**Exercise brief:**
In the listing below, locate the line containing "Princess Beatrice, background" and the line containing "Молодая мама гуляет". Output both of them and every line between, exactly as written, and nothing more.

**Records for the exercise:**
* * * * * * *

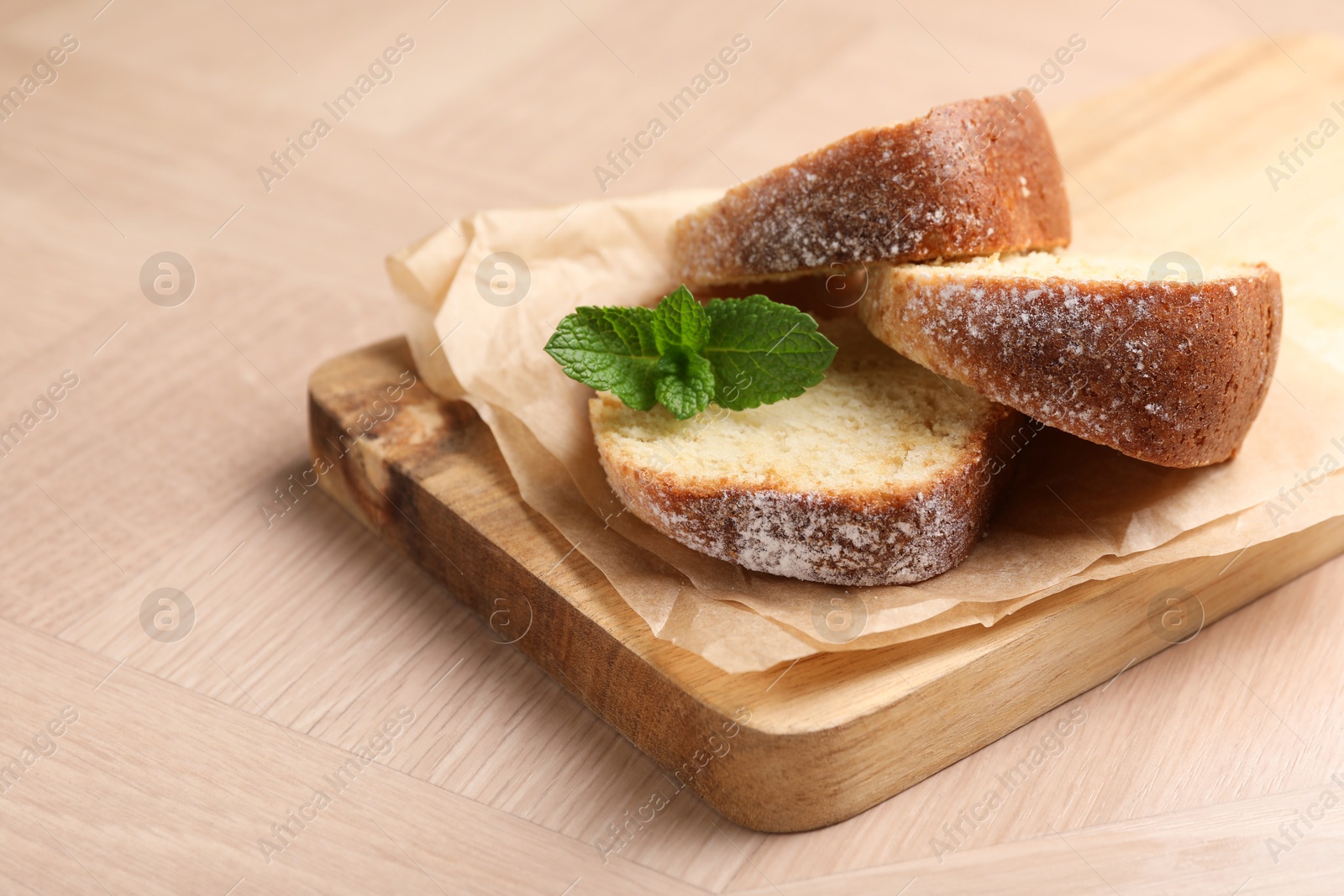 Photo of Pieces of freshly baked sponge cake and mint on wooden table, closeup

* * * * * * *

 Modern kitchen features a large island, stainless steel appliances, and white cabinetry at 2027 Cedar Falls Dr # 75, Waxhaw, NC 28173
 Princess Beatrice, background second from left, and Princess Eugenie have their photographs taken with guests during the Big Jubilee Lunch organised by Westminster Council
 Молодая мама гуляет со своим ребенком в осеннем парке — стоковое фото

* * * * * * *

**Output of the task:**
 Princess Beatrice, background second from left, and Princess Eugenie have their photographs taken with guests during the Big Jubilee Lunch organised by Westminster Council
 Молодая мама гуляет со своим ребенком в осеннем парке — стоковое фото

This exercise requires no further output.